Evolutionary rates in respiratory syncytial virus (RSV). (A) Linear regressions of root-to-tip genetic distances against sampling date based on maximum likelihood trees. The R2 value for each regression is indicated and corresponding p values <0.001 are indicated with an asterisk. Sequences from NSW in this study are shown on the left and global sequences on the right. (B) Estimates of the nucleotide substitution rate per site per year are shown for sequences from NSW (BEAST and least-square dating algorithm (LSD) estimates) and globally (LSD estimates only). Rates are shown as mean values (circles) and the 95% highest posterior density (HPD) and confidence intervals for BEAST and LSD, respectively (error bar). (RSVA: blue; RSVB: red).

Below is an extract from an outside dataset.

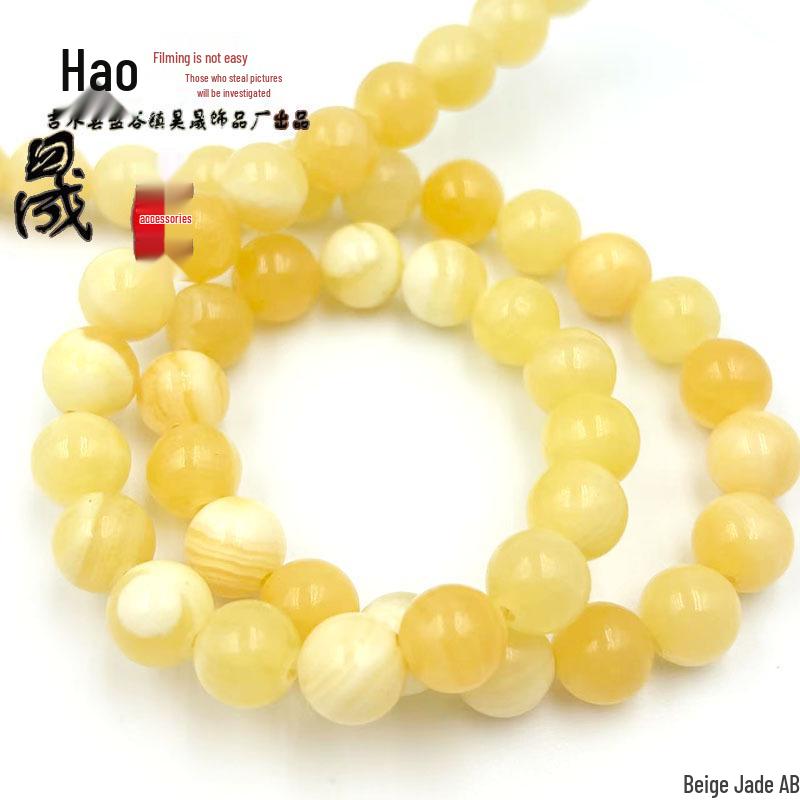 Natural A-Grade Beige Jade & Honey Chalcedony Bead Bracelet with Yellow Porcelain Accents and Tassel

Given this strong clock-like structure, we investigated the evolutionary rates more carefully using the Bayesian Markov chain Monte Carlo (MCMC) method implemented in BEAST for the NSW data set and the least square dating (LSD) method for the global data set. In the case of the NSW data, the mean evolutionary rates were 7.06 × 10−4 (confidence interval 6.67–8.34 × 10−4) and 6.48 × 10−4 (confidence interval 5.15–7.81 × 10−4) subs/site/year for RSVA and RSVB, respectively, using LSD and 7.48 × 10−4 (95% HPD 6.67–8.34 × 10−4) and 7.39 × 10−4 (95% HPD 6.34–8.45 × 10−4) subs/site/year for RSVA and RSVB, respectively, using BEAST (Figure 5B). Hence, there was no significant difference in rate between RSVA and RSVB. For the global data set, the LSD rate estimates were 5.72 × 10−4 (confidence interval 5.43–5.95 × 10−4) and 6.41 × 10−4 (confidence interval 6.02–6.78 × 10−4) subs/site/year for RSVA and RSVB, respectively. These rates are within the range reported previously for paramyxoviruses [48] and other single-stranded RNA viruses [49]. Notably, the substitution rates for the global data set were significantly different between RSVA and RSVB, and RSVB exhibited a higher rate, as previously described [20]. These global rates were also consistently lower than those observed within NSW (for both BEAST and LSD) and there was no difference between RSVA and RSVB in the NSW data set. This difference between the local (NSW) and global rates may reflect the fact that the NSW data were sampled more recently and that rates were elevated towards the present because of time-dependent evolution; itself reflecting incomplete purifying selection that is commonly observed in RNA viruses [50,51].

4. Conclusions

We report a wide diversity of RSV lineages co-circulating in a small geographic region, reflecting a combination of continual virus entry and some sustained in situ transmission within NSW. Despite these fine-scale epidemiological insights, this study also highlighted the highly biased global sampling of RSV that hinders extensive analysis of the global distribution and transmission dynamics of RSV. We stress that increased targeted surveillance with more extensive virus sampling, particularly during suspected outbreaks, is essential to improve both our understanding of RSV ecology and evolution, and assist with vaccine design.